2.3. Der Beschwerdeführer macht substanziiert eine unrichtige Anwendung der Verjährungsregeln geltend. Seine Kritik ist begründet. Die Vorinstanz erwägt zur Frage des für die Verjährung massgeblichen Rechts einzig, das aktuelle kantonale Baugesetz vom 15. Dezember 2016 sei "in übergangsrechtlicher Hinsicht anwendbar", unter Hinweis auf die intertemporalen Regelungen von Art. T1-1 des betreffenden Baugesetzes i.V.m. Art. 389 StGB. Sie verneint gestützt auf die entsprechende Gesetzgebung den Eintritt der Verjährung (vgl. angefochtenes Urteil E. 4.1 S. 5 f., insbesondere E. 4.1.2 S. 6, und E. 4.2 f. S. 6 ff.). Wie nachfolgend zu zeigen ist, kann dieser Beurteilung nicht gefolgt werden.
2.4.
2.4.1. Das Baugesetz des Kantons Wallis wurde per 1. Januar 2018 totalrevidiert (vgl. Botschaft zum Entwurf für die Änderung des Baugesetzes vom 8. Februar 1996). Das bis dahin in Kraft gewesene alte Baugesetz (Baugesetz vom 8. Februar 1996 des Kantons Wallis, aBauG/VS, SGS 705.1) und das neu in Kraft getretene aktuelle Baugesetz (Baugesetz vom 15. Dezember 2016 des Kantons Wallis, BauG/VS, SGS 705.1) sehen in gleicher Weise vor, dass von der zuständigen Behörde mit einer Busse von Fr. 1'000.-- bis Fr. 100'000.-- zu bestrafen ist, wer als Verantwortlicher, namentlich als Eigentümer, unter anderem Bedingungen und Auflagen der erteilten Baubewilligung nicht einhält (vgl. Art. 54 Abs. 1 lit. a aBauG/VS und Art. 61 Abs. 1 lit. a BauG/VS).

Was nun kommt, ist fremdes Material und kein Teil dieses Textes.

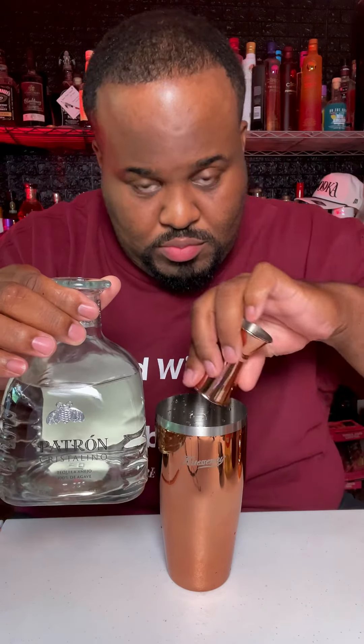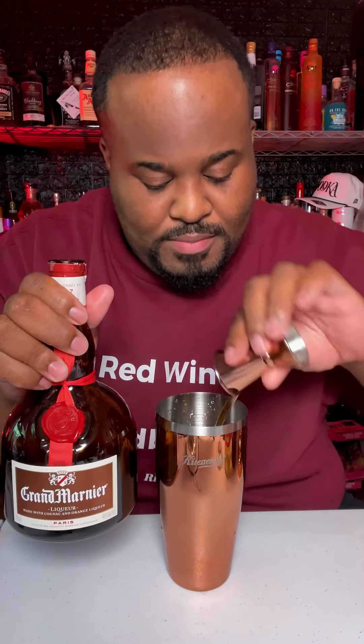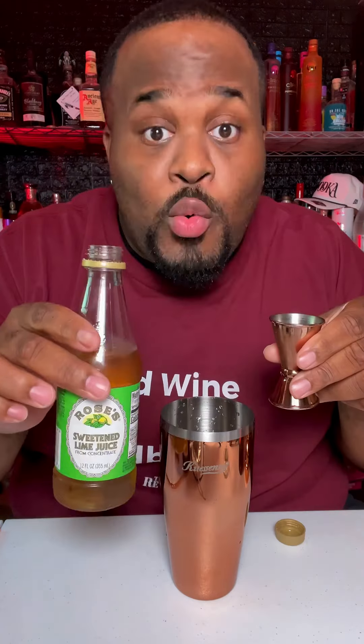All you need is one ounce of everything: one ounce of tequila, your choice; one ounce of triple sec — I'm using this 40% Grand Marnier; one ounce of white wine — I'm using Lucky Day, you probably should use Lucky Day too; one ounce of fresh lime juice. Add your ice to the shaker.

2.4.2. Hinsichtlich der Verfolgungsverjährung gehen das alte und neue Baugesetz auseinander. Zwar hat seit der Revision des Verjährungsrechts im Strafgesetzbuch per 1. Oktober 2002 (AS 2002 S. 2993, 3146) für das alte und neue Recht gleichermassen zu gelten, dass die Verfolgungsverjährung nicht mehr eintritt, wenn vor Ablauf der Verjährungsfrist ein erstinstanzliches Urteil ergangen ist, dies aufgrund der mit der Revision des Verjährungsrechts eingeführten Bestimmung von Art. 70 Abs. 3 aStGB bzw. der bis heute geltenden Nachfolgebestimmung von Art. 97 Abs. 3 StGB, die unter altem Recht gemäss Art. 59 Abs. 1 des damaligen Einführungsgesetzes zum Schweizerischen Strafgesetzbuch vom 14. September 2006 des Kantons Wallis (aEGStGB/VS, SGS 311.1) und unter neuem Recht gemäss Art. 71 Abs. 1 des aktuellen Einführungsgesetzes zum Strafgesetzbuch vom 12. Mai 2016 des Kantons Wallis (EGStGB/VS, SGS 311.1) als subsidiäres kantonales Recht Anwendung finden. Davon abgesehen bestehen jedoch wesentliche Unterschiede: Das alte Baugesetz statuiert - im Stil des früheren Verjährungsrechts des Strafgesetzbuchs, vgl. dazu z.B. Urteil 6B_1152/2013 vom 28. August 2014 E. 11.4.4 - eine (relative) Verjährungsfrist von drei Jahren und sieht vor, dass diese Frist ab Erkennbarkeit der Widerhandlung zu laufen beginnt und durch jede Untersuchungshandlung unterbrochen wird, und dass jedenfalls nach sechs Jahren die absolute Verjährung eintritt (vgl. Art. 55 Abs. 1, 2 und 3 aBauG/VS). Das neue Baugesetz bestimmt dagegen, dass die Widerhandlungen nach sieben Jahren verjähren, ohne weitere Vorgaben zu machen (vgl. Art. 62 BauG/VS). Unter Beachtung der ergänzend anzuwendenden allgemeinen Verjährungsregeln beginnt die Verjährungsfrist bei Geltung des neuen Baugesetzes demnach im Fall, dass das inkriminierte Verhalten - wie das hier zu beurteilende illegale Bauen - dauert, mit dem Tag zu laufen, an dem dieses Verhalten aufhört (vgl. Art. 71 Abs. 1 EGStGB/VS i.V.m. Art. 98 lit. c StGB; vgl. im Weiteren Botschaft, a.a.O., S. 21).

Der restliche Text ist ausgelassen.